Buena Vista International (Germany)
Tilda Swinton als Weiße Hexe in "Der König von Narnia"
Ricore: Als "Muse" von Derek Jarman begann Ihre Karriere im künstlerischen Bereich, sie galten als Underground-Ikone. Inzwischen sieht man sie auch in Hollywoodproduktionen wie als Weiße Hexe in "Die Chroniken von Narnia". Gleichzeitig haben Sie "Derek" produziert, eine Hommage an den verstorbenen Kult-Regisseur. Wie passt das zusammen?

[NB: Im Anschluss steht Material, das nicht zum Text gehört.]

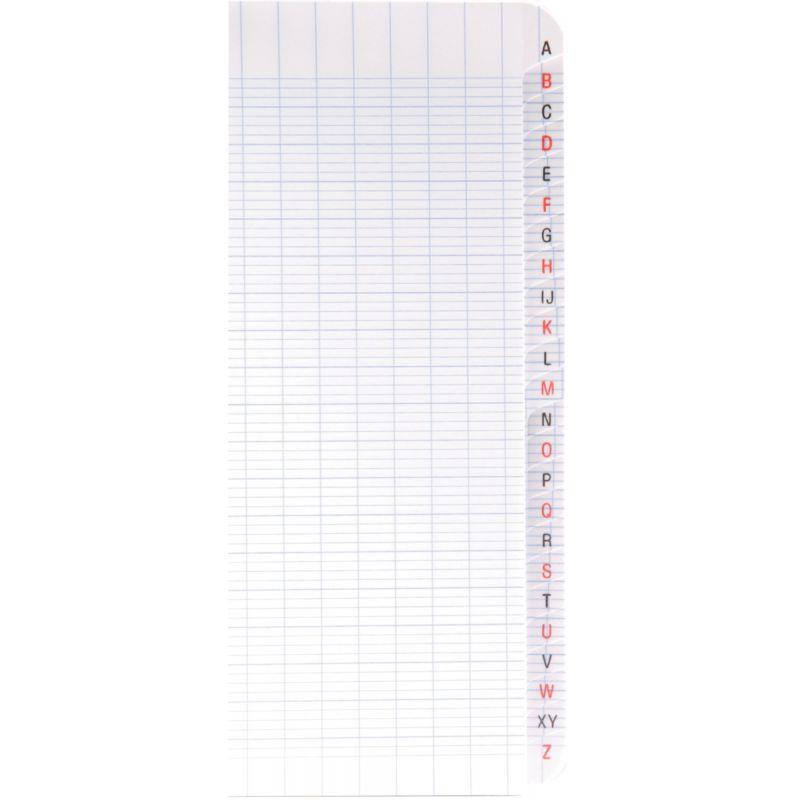 Répertoire piqué 96 pages, format 11x17 cm, seyès, papier 90g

Swinton: Für mich hat sich in der Arbeitsweise nichts geändert. Derek Jarman, das sind meine Wurzeln. Sein Tod ist ein großer Verlust für uns alle. Der Grund, dass ich in der letzten Zeit einige Hollywoodfilme drehe, ist einfach - ich erhielt entsprechende Angebote und ich verfüge jetzt auch über mehr Zeit, meine Kinder sind alt genug, meine Abwesenheit zu verkraften und zu verstehen. Diese Hollywoodfilme sind wie große Partys, zu denen man eingeladen ist. Sie machen Spaß und ich treffe interessante Leute. Die aufregenden Dreharbeiten von "Die Chroniken von Narnia" in Neuseeland und die Bequemlichkeiten einer Megaproduktion habe ich genossen. Alles Neuland für mich. Und eines dürfen Sie nicht vergessen. Diese Popularität unterstützt engagierte Filme wie "Michael Clayton" oder "Julia", die im Fahrwasser großer Produktionen zusätzliche Aufmerksamkeit gewinnen können. Dafür bin ich dankbar. Wenn ein Disney-Film mehrere hundert Millionen Dollar Box-Office macht, das hilft. Im neuen, teuren David Fincher-Film "The Curious Case of Benjamin Button" an der Seite von Brad Pitt vor der Kamera zu stehen, halte ich für eine tolle Sache.